Dataset excerpts
——

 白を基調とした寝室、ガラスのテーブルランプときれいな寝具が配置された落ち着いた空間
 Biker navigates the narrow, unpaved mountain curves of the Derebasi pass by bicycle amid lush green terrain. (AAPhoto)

——

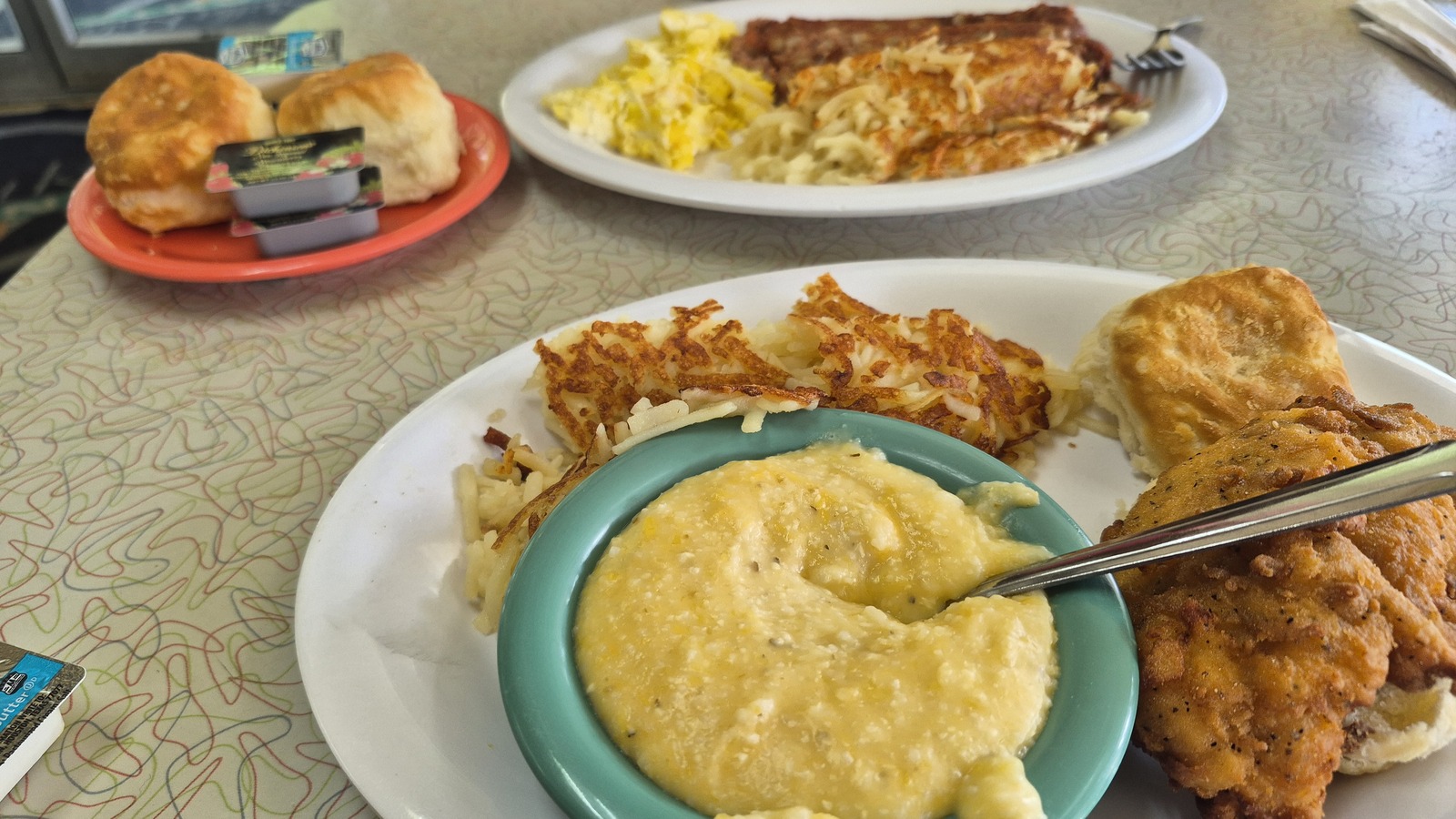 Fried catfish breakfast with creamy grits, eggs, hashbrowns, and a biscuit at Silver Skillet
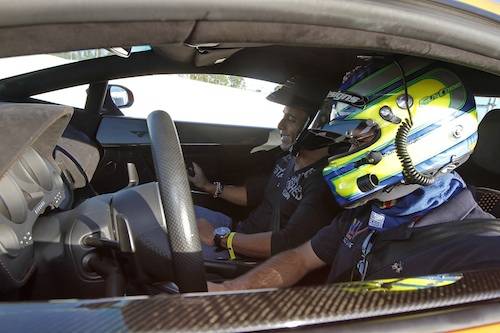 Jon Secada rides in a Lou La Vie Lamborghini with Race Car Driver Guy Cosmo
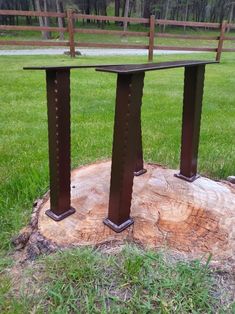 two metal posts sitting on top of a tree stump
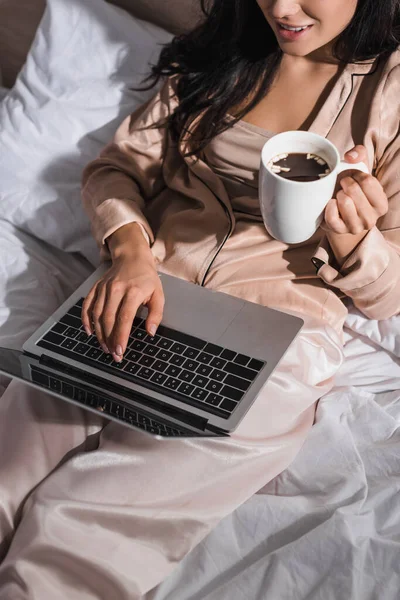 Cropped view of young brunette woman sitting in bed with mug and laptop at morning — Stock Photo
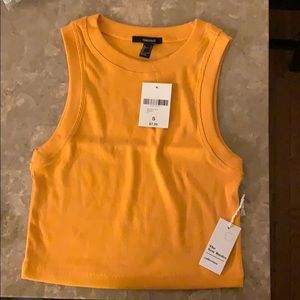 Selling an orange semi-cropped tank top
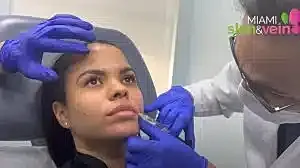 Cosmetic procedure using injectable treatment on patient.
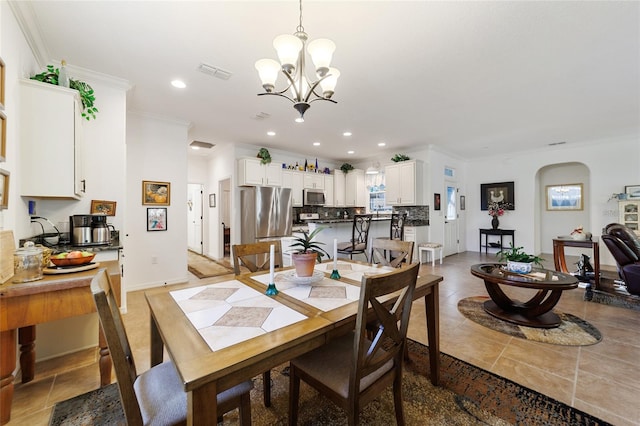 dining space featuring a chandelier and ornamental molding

——

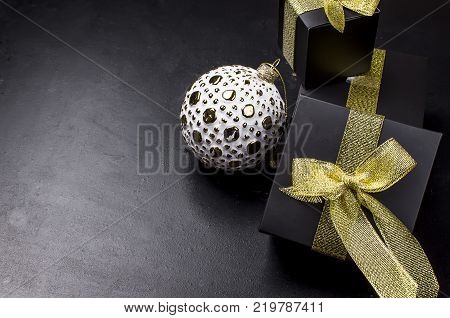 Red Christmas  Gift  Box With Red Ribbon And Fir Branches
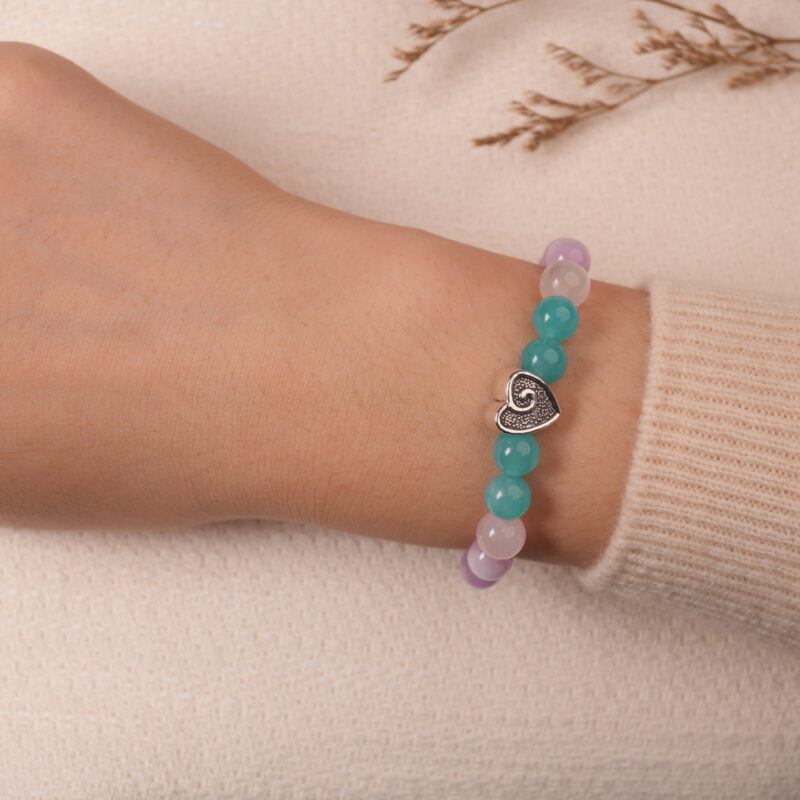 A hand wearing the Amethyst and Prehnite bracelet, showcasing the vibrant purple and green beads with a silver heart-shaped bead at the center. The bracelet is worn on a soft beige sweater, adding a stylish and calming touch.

——

Goal of the exercise
For the material above, reproduce exactly the lines from the line with "白を基調とした寝室、ガラスの" to the line with "Biker navigates the", inclusive, and exclude all others.

Response box
 白を基調とした寝室、ガラスのテーブルランプときれいな寝具が配置された落ち着いた空間
 Biker navigates the narrow, unpaved mountain curves of the Derebasi pass by bicycle amid lush green terrain. (AAPhoto)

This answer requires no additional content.